● **WHAT THE TASK REQUIRES**
Reproduce the whole listing exactly, omitting any picture it holds.

● **DATASET EXTRACT**
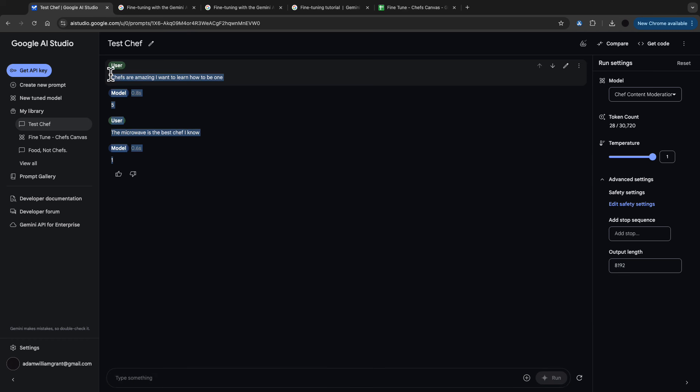So I hope you can see how easy it is to tune models with Google AI Studio. And I hope you found this video useful. Follow for more.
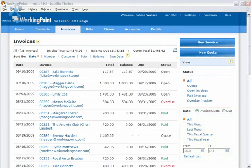Change the view, and the invoices in the list change to fit your criteria, and the summary information changes too. Let me show you what I mean.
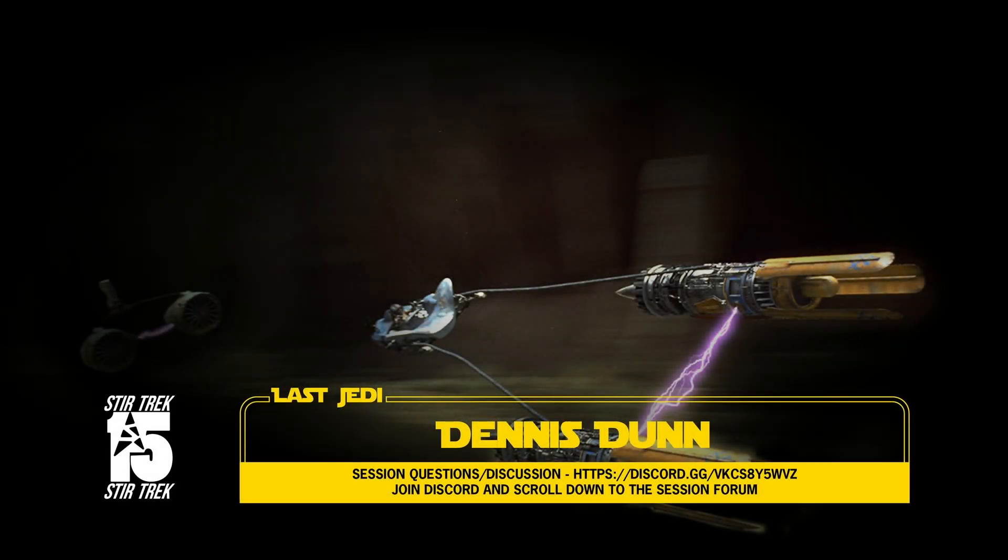All right, I guess let's get started. It's really good to be back here at Startrek. Every time I come to Startrek, I feel like I'm reconnecting with my tribe.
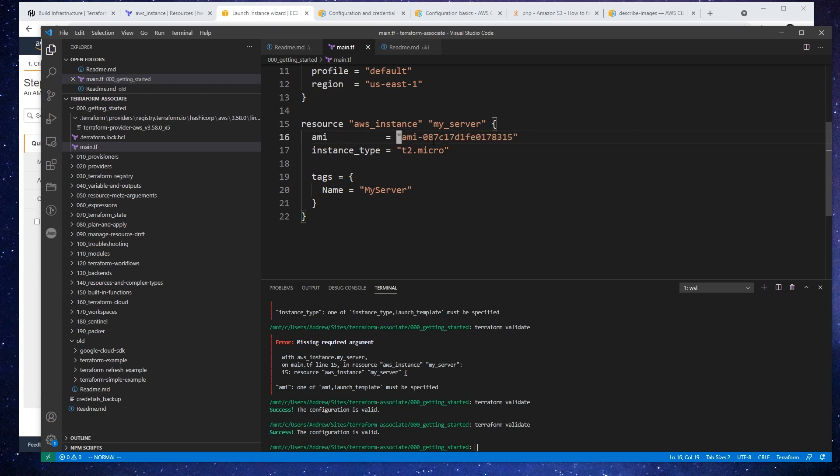So yeah, that's all there is to format and validate, and so we'll move on to actually setting up a plan.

● **TASK RESULT**
So I hope you can see how easy it is to tune models with Google AI Studio. And I hope you found this video useful. Follow for more.
Change the view, and the invoices in the list change to fit your criteria, and the summary information changes too. Let me show you what I mean.
All right, I guess let's get started. It's really good to be back here at Startrek. Every time I come to Startrek, I feel like I'm reconnecting with my tribe.
So yeah, that's all there is to format and validate, and so we'll move on to actually setting up a plan.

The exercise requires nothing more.